» SUPPLIED DATA
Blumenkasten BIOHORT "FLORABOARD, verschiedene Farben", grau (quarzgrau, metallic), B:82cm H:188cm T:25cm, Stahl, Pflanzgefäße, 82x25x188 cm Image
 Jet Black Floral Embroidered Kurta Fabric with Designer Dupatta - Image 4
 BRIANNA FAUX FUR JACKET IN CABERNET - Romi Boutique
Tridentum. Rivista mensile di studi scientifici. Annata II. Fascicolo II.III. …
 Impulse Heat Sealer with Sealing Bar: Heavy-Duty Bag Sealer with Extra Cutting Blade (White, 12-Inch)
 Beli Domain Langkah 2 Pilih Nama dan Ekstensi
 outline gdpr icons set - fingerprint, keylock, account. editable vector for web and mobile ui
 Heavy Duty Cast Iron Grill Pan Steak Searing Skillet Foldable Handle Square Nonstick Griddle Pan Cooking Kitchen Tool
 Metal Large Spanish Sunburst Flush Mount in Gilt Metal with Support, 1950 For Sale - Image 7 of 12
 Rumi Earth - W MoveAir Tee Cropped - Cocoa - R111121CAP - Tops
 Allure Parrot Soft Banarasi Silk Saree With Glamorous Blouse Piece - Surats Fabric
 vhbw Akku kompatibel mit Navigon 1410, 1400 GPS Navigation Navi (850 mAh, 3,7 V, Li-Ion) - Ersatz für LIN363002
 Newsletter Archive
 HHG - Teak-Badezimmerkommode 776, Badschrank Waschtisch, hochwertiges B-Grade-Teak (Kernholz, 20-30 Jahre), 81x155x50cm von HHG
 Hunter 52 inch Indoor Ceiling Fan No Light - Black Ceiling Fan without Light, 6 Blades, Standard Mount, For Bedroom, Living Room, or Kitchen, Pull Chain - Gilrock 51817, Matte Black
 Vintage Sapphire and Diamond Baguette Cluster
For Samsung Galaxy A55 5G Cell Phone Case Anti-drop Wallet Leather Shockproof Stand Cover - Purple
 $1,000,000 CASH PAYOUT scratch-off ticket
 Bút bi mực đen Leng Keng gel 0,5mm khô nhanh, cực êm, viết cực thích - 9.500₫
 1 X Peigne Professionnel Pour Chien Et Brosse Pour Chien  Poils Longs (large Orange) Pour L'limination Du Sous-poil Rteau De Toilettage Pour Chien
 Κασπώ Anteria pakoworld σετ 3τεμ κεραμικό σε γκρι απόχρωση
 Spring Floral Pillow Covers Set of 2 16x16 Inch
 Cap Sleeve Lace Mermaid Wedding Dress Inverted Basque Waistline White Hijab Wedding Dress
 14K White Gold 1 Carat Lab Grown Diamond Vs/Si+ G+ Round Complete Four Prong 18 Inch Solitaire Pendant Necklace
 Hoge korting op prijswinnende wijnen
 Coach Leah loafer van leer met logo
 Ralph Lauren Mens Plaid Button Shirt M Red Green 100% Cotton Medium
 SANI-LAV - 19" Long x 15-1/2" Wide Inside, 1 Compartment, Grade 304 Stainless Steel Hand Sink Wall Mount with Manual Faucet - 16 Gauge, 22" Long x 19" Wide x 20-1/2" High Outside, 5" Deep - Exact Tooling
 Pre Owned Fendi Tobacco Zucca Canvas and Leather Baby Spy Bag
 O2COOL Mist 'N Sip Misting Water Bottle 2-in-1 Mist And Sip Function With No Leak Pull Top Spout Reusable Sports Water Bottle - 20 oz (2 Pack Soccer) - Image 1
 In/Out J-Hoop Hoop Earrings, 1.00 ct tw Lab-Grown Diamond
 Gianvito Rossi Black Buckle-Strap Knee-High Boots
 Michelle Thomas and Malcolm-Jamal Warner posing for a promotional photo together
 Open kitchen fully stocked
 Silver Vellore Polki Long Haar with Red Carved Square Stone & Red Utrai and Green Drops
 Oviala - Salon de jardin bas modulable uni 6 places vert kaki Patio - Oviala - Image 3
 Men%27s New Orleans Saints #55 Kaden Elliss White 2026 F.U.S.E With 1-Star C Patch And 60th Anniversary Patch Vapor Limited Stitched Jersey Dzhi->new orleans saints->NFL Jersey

» WHAT YOU ARE ASKED TO DO
Begin with the top line of the material and go as far as the line with "HHG - Teak-Badezimmerkommode". Set down those lines exactly, both ends included, and nothing more.

» REPLY
Blumenkasten BIOHORT "FLORABOARD, verschiedene Farben", grau (quarzgrau, metallic), B:82cm H:188cm T:25cm, Stahl, Pflanzgefäße, 82x25x188 cm Image
 Jet Black Floral Embroidered Kurta Fabric with Designer Dupatta - Image 4
 BRIANNA FAUX FUR JACKET IN CABERNET - Romi Boutique
Tridentum. Rivista mensile di studi scientifici. Annata II. Fascicolo II.III. …
 Impulse Heat Sealer with Sealing Bar: Heavy-Duty Bag Sealer with Extra Cutting Blade (White, 12-Inch)
 Beli Domain Langkah 2 Pilih Nama dan Ekstensi
 outline gdpr icons set - fingerprint, keylock, account. editable vector for web and mobile ui
 Heavy Duty Cast Iron Grill Pan Steak Searing Skillet Foldable Handle Square Nonstick Griddle Pan Cooking Kitchen Tool
 Metal Large Spanish Sunburst Flush Mount in Gilt Metal with Support, 1950 For Sale - Image 7 of 12
 Rumi Earth - W MoveAir Tee Cropped - Cocoa - R111121CAP - Tops
 Allure Parrot Soft Banarasi Silk Saree With Glamorous Blouse Piece - Surats Fabric
 vhbw Akku kompatibel mit Navigon 1410, 1400 GPS Navigation Navi (850 mAh, 3,7 V, Li-Ion) - Ersatz für LIN363002
 Newsletter Archive
 HHG - Teak-Badezimmerkommode 776, Badschrank Waschtisch, hochwertiges B-Grade-Teak (Kernholz, 20-30 Jahre), 81x155x50cm von HHG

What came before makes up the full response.